The total number of documents related to solid waste obtained by using the key words “solid waste*” in the SCI search engine as topic on the Web of Science without indicating the name of any country and by using the same inclusion criteria was 16,250 documents which represents the overall global research output in the solid waste field. Using the methodology stated above, only 382 (2.35 % of the overall global research output in the solid waste field) documents were retrieved from the Arab countries; comprising 347 (90.8 %) original journal articles, 13 (3.4 %) review articles, and 22 (5.8 %) others, such as editorials or notes. The first article published from the Arab World was in Saudi Arabia, and it was published by Daly and Farooq in the Journal of the Water Pollution Control Federation in 1982 . The annual number of documents published in the past three decades (1982–2012) indicated that research productivity demonstrated a noticeable rise during the last decade with peak publications in 2009 (Fig. 1). English language documents were the most common (n = 375; 98.2 %), followed by French (n = 6), and Spanish language documents (n = 1).

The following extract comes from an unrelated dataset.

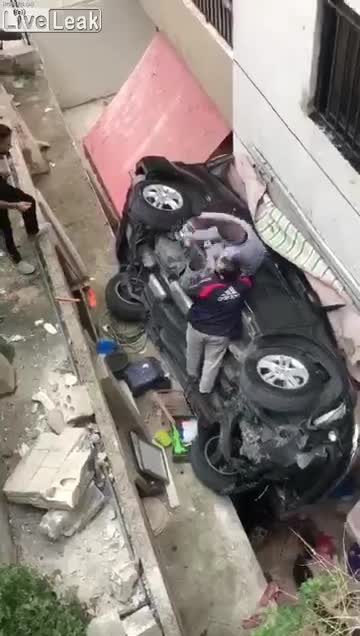A female driver falls off the buildings roof uses as cars parking (1)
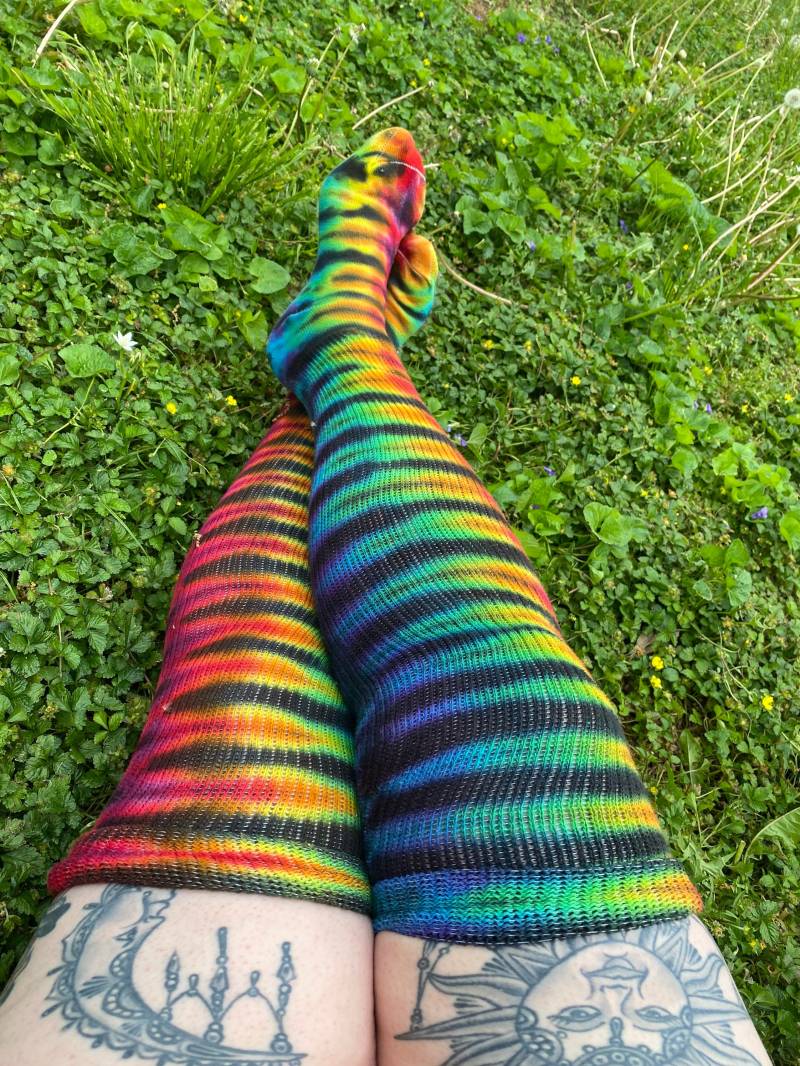 Overknee Socken Für Erwachsene Custom Tie Dye | Farben Zur Auswahl Overknee Socken Für Erwachsene Custom Tie Dye | Farben Zur Auswahl von DippyHippieTieDyes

The publications share of the top 10 most prolific Arab countries in solid waste research ranges from 2.4 to 22.8 % during 1982–2012. Egypt tops the list, with a publications share of 22.8 % during 1982–2012. Tunisia ranks second (19.6 %), followed by Jordan (13.4 %) (Table 1). After adjusting for economy and population power, Egypt (AI = 27.3) had the highest research productivity. No data related to solid waste were published from Djibouti, Somalia, Comoros, and Mauritania. The total number of citations over the analysed years at the date of data collection was 4,097, with an average of 10.7 citations per document. The median (interquartile range) of citation was 5 (1–13). Iraq achieved the highest median (interquartile range) number of citations with 9 (0–23), followed by 8 (2–14) for Tunisia and 6.5 (2.3–15.3) for Lebanon. The h-index of the articles was 31 (31 documents had been cited at least 31 times at the date of data collection). Egypt and Tunisia achieved the highest h-index with 15 each, followed by 13 each for Jordan and Morocco. Furthermore, Egypt achieved the highest number of collaborations with international authors with 17 countries, followed by 12 countries for KSA and 10 countries for Jordan (Table 1).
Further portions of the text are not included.